3 research outputs found
Robust and efficient inference and learning algorithms for generative models
Generative modelling is a popular paradigm in machine learning due to its natural
ability to describe uncertainty in data and models and for its applications including data
compression (Ho et al., 2020), missing data imputation (Valera et al., 2018), synthetic
data generation (Lin et al., 2020), representation learning (Kingma and Welling, 2014),
robust classification (Li et al., 2019b), and more. For generative models, the task of
finding the distribution of unobserved variables conditioned on observed ones is referred
to as inference. Finding the optimal model that makes the model distribution close to the
data distribution according to some discrepancy measures is called learning. In practice,
existing learning and inference methods can fall short on robustness and efficiency. A
method that is more robust to its hyper-parameters or different types of data can be
more easily adapted to various real-world applications. How efficient a method is in
regard to the size and the dimensionality of data determines at what scale the method
can be applied. This thesis presents four pieces of my original work that improves these
properties in generative models.
First, I introduce two novel Bayesian inference algorithms. One is called coupled
multinomial Hamiltonian Monte Carlo (Xu et al., 2021a); it builds on Heng and Jacob
(2019), which is a recent work in unbiased Markov chain Monte Carlo (MCMC) (Jacob
et al., 2019b) and has been found to sensitive to hyper-parameters and less efficient
compared to normal, biased MCMC. These issues are solved by establishing couplings
to the widely-used multinomial Hamiltonian Monte Carlo, leading to a statistically
more efficient and robust method. The other method is called roulette-based variational
expectation (RAVE; Xu et al., 2019) that applies amortised inference to a model family
called Bayesian non-parametric models, in which the number of parameters are allowed
to grow unbounded as the data gets more complex. Unlike previous sampling-based
methods that are slow or variational inference methods that rely on truncation, RAVE
combines the advantages of both to achieve flexible inference that is also computational
efficient. Second, I introduce two novel learning methods. One is called generative
ratio-matching (Srivastava et al., 2019) which is a learning algorithm that makes deep
generative models based on kernel methods applicable to high-dimensional data. The
key innovation of this method is learning a projection of the data to a lower-dimensional
space in which the density ratio is preserved such that learning can be done in the lowerdimensional
space where kernel methods are effective. The other method is called
Bayesian symbolic physics that combines Bayesian inference and symbolic regression
in the context of naïve physics—the study of how humans understand and learn physics.

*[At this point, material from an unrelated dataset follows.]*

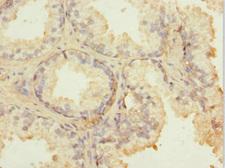 FIBP Antibody - Immunohistochemistry of paraffin-embedded human prostate cancer at dilution 1:100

Unlike classic generative models for which the structure of the generative process is
predefined or deep generative models where the process is represented by data-hungry
neural networks, Bayesian-symbolic generative processes are defined by functions over
a hypothesis space specified by a context-free grammar. This formulation allows these
models to incorporate domain knowledge in learning, which gives highly-improved
sample efficiency. For all four pieces of work, I provide theoretical analyses and/or
empirical results to validate that the algorithmic advances lead to improvements in
robustness and efficiency for generative models.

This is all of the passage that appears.